◆ **TASK TO CARRY OUT**:
Transcribe only what runs from the line containing "Arealdelen av kommuneplanens" through the final line below, exactly, and leave every picture out.

◆ **Dataset excerpts**:
★ ★ ★ ★ ★
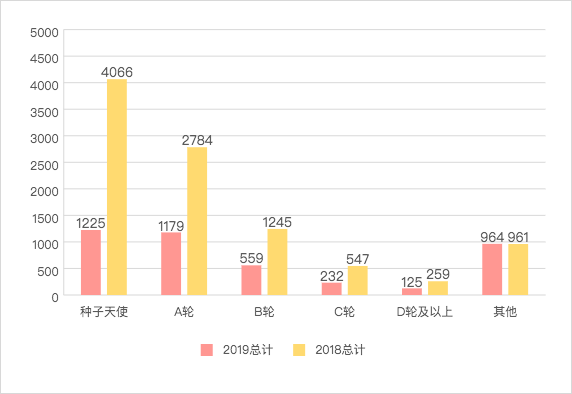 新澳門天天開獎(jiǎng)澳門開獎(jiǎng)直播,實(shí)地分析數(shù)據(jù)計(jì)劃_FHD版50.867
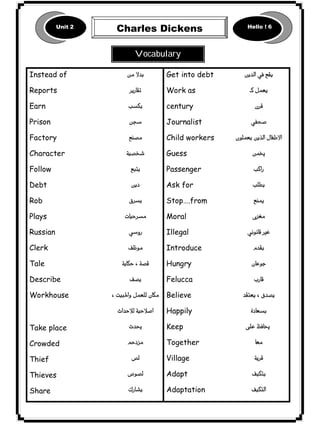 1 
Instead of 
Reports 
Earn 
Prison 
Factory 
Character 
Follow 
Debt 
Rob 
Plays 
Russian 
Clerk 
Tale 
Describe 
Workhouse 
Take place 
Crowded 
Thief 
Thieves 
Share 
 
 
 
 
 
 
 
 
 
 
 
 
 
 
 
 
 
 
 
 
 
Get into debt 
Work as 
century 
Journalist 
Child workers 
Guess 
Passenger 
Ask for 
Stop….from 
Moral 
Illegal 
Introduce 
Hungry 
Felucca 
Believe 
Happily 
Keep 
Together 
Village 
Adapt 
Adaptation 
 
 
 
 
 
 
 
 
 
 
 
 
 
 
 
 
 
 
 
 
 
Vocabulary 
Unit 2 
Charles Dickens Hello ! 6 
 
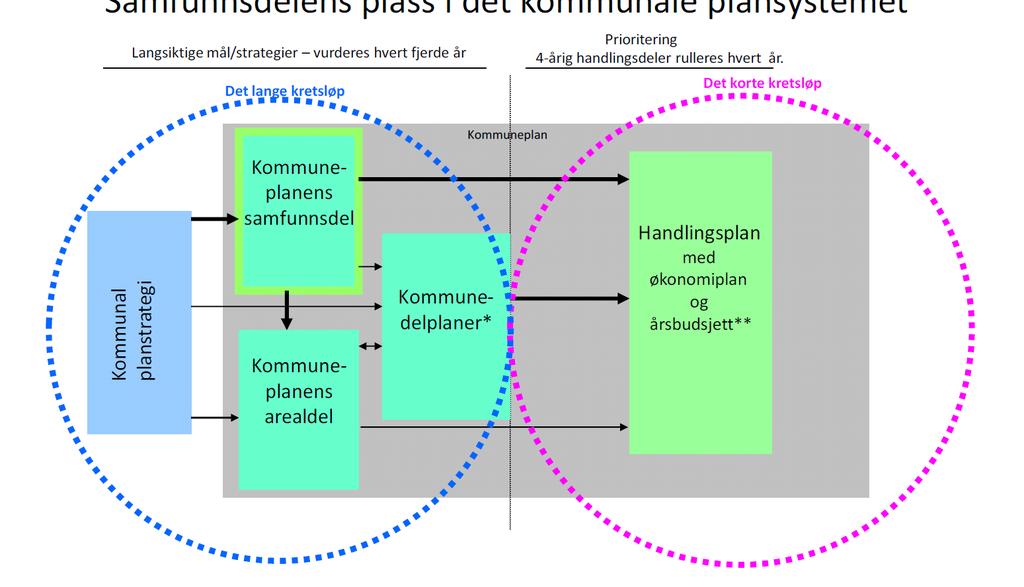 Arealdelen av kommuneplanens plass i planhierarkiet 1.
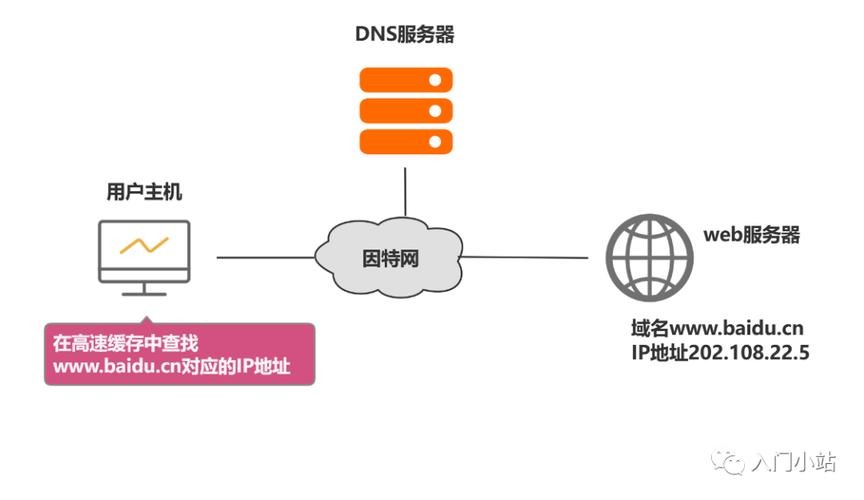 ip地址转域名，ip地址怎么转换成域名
★ ★ ★ ★ ★
◆ **YOUR RESPONSE**:
 Arealdelen av kommuneplanens plass i planhierarkiet 1.
 ip地址转域名，ip地址怎么转换成域名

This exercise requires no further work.